The Imperial Treasure brand might not yet be well-known in the UK but it’s a huge deal in Asia, where the Shanghai flagship holds two Michelin stars and the Hong Kong and Singapore branches have one each; 20 further restaurants extend to Guangzhou, South Korea and a Paris outpost scheduled for 2019.
It’s the sort of heritage that means the brand’s founder Alfred Leung has had the confidence to launch a three-storey restaurant occupying 8,500 square feet of prime St James’s real estate. And with a 25-year lease, Leung is in London for the long haul.
That confidence is well and truly deserved. For make no mistake: Imperial Treasure is the best Chinese restaurant to have opened in London since A Wong. Wagyu beef, Iberico pork, Scottish lobster and sea cucumber feature heavily, while Peking duck is carved tableside with all the theatre you would expect. But there are plenty of other treasures on the menu.
Dim sum contains superior ingredients encased in the most delicate of wrappings. Classics of har gau and cheung fun set a new benchmark for London (try the char siu cheung fun, which tastes of the most beautiful barbecued spare-rib meat imaginable) while there are new treats to discover such as the snow pork bun: basically a sugary, savoury doughnut that, like all of the cooking here, keeps the balance of salty and sweet in perfect balance. Then there’s prawn toast served as a fat coil of deep-fried king prawn encrusted with sesame.
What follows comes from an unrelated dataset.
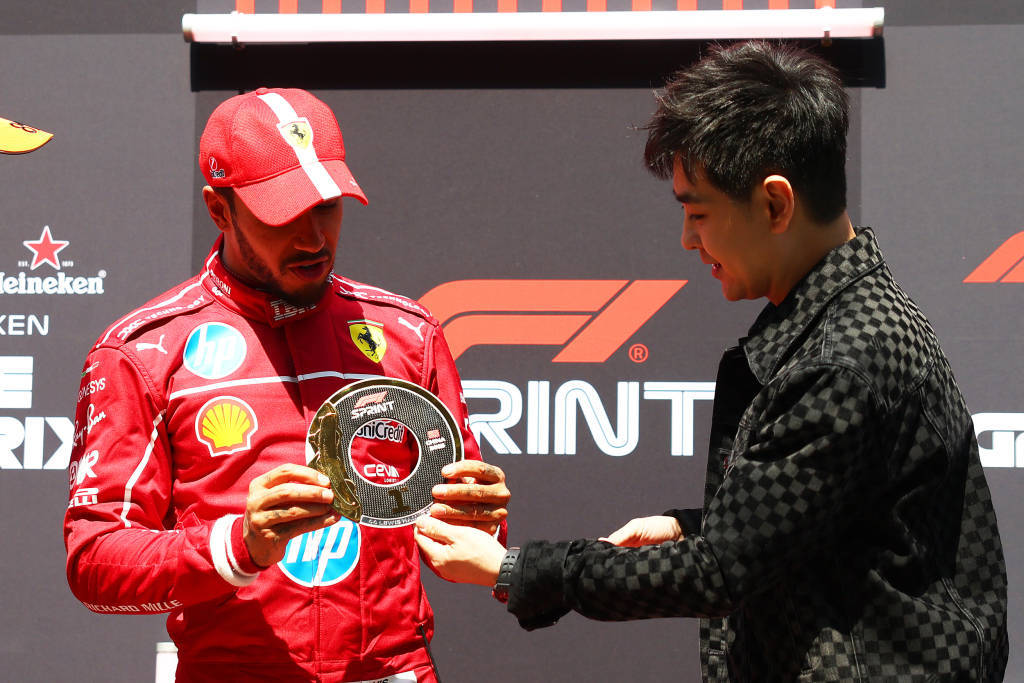 雷诺车队力克红牛二队，汉密尔顿点燃赛场的简单介绍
Full-sized dishes are handled just as deftly – kung po prawn keeps its chilli heat in check as deftly as any temperature-controlled thermostat – while lemon chicken is reinvented as juicy blocks of breast meat, coated in almond flakes and with a citrus-sharp lemon sauce on the side – although we preferred a blob of chilli sauce for seasoning. Even the fried rice would make a sumptuous meal by itself.
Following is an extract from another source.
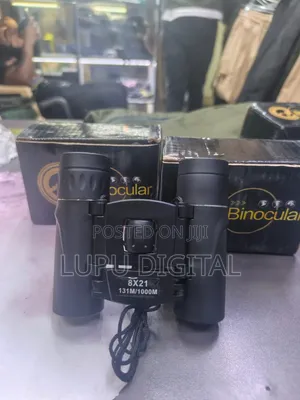 Small Binoculars
8 by 21
131m/1000m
None of this comes cheap (the Peking duck is £100, dim sum around £8 a plate), but nor would you expect it to: the setting is luxurious without being ostentatious and there’s an army of solicitous staff to cater to your every need. Our only criticism was that the gap between dishes at lunch seemed to drag – but at these prices and with this quality of food, this is a ceremonial experience that you won’t want to rush.